A casa, onde se respira informações de épocas que ficaram para trás, resiste aos tempos, muito nos orgulha e se tornou guardiã da nossa história. Não podemos permitir que as memórias se percam com o tempo. Não podemos deixar Pinheiro sumir na história. A nossa terra tem um passado glorioso que não pode ser esquecido”.

A nossa anciã por fim acolheu a Academia. Denominada Academia Pinheirense de Letras, Artes e Ciências, a APLAC nasceu com o propósito de promover a cultura e o desenvolvimento intelectual do povo de Pinheiro. Fundada em São Luís, em 23 de novembro de 2005, data comemorativa da fundação do Lugar de Pinheiro, foi oficialmente instalada, em Pinheiro, dia 17 de dezembro do mesmo ano, em uma noite memorável no Casino Pinheirense, então sede do Centro dos Idosos.

O sonho de possuir uma sede própria se concretizou durante as festividades dos 150 anos de Pinheiro, quando o prédio histórico foi cedido pela Prefeitura Municipal, em regime de comodato, para abrigar a APLAC. Desde então, a antiga Usina Elétrica tornou-se o coração da Academia — e também da Biblioteca Pública Elisabetho Carvalho, cuja origem remonta a 1954, quando foi inaugurada como Biblioteca de Geografia e História de Pinheiro, vinculada ao Diretório Municipal de Geografia do IBGE.

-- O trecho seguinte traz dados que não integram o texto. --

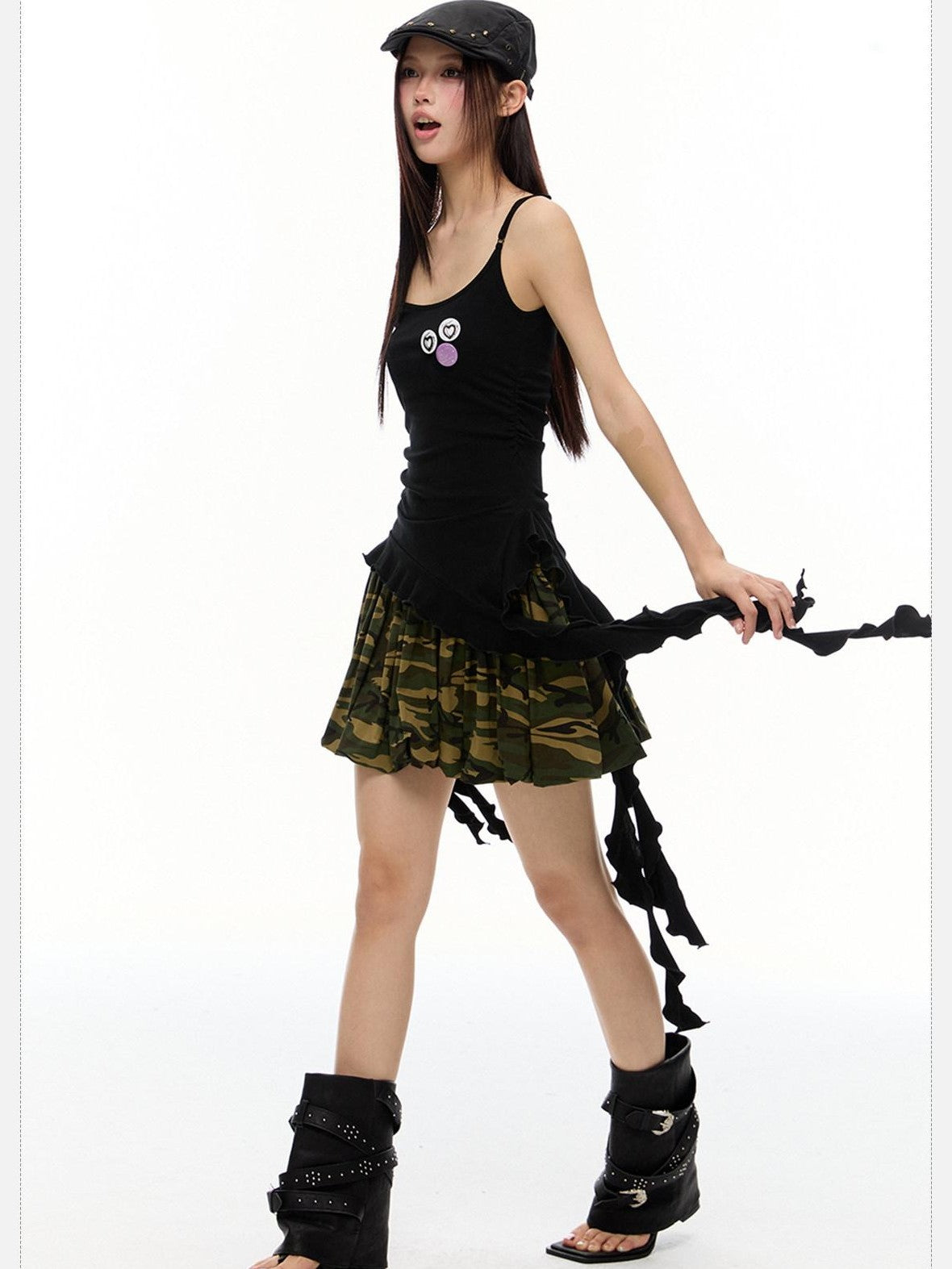 EZEK Striped Fringe Ribbon Slim Fit Asymmetric Women's Cotton Tank Tops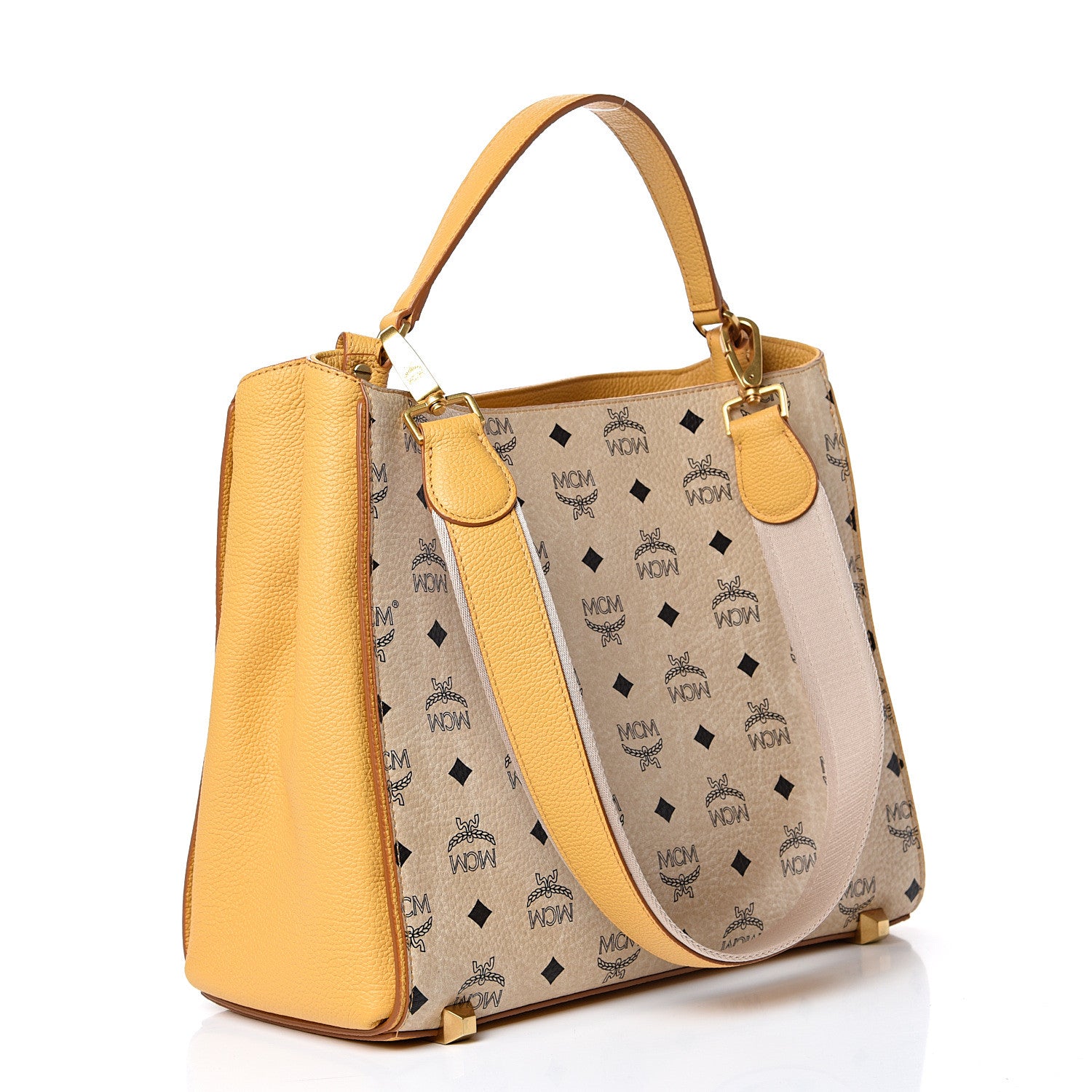 MCM Visetos Medium Corina Shoulder Bag Beige Yellow 2 of 13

Nos primórdios, a biblioteca instalava-se no prédio da extinta Loja Maçônica Renascimento de Pinheiro, na Avenida Senador Vitorino Freire (atual Av. Presidente Dutra), onde hoje funciona uma igreja presbiteriana. Trago na memória a emoção que sentia, na infância, ao entrar no local. A visão dos livros e dos móveis me fascinava. As estantes, de estilo refinado, foram confeccionadas no Rio de Janeiro; os demais móveis nobres, adquiridos em São Luís. Creio que a paixão que sinto por livros nasceu naquele lugar.

Com o tempo, a biblioteca enfrentou períodos de decadência, mas foi recuperada pela Prefeitura e rebatizada com justiça como Biblioteca Pública Elisabetho Carvalho, mantendo o nome de seu fundador — o piauiense que tanto contribuiu para o progresso de Pinheiro e a quem a cidade deve gratidão. Após peregrinar por diversos endereços, a biblioteca encontrou abrigo definitivo no prédio da antiga Usina Elétrica, sob as asas da APLAC — servindo à comunidade com dignidade e propósito.

A casa, onde se respira informações de épocas que ficaram para trás, resiste aos tempos, muito nos orgulha e se tornou guardiã da nossa história. Não podemos permitir que as memórias se percam com o tempo. Não podemos deixar Pinheiro sumir na história. A nossa terra tem um passado glorioso que não pode ser esquecido.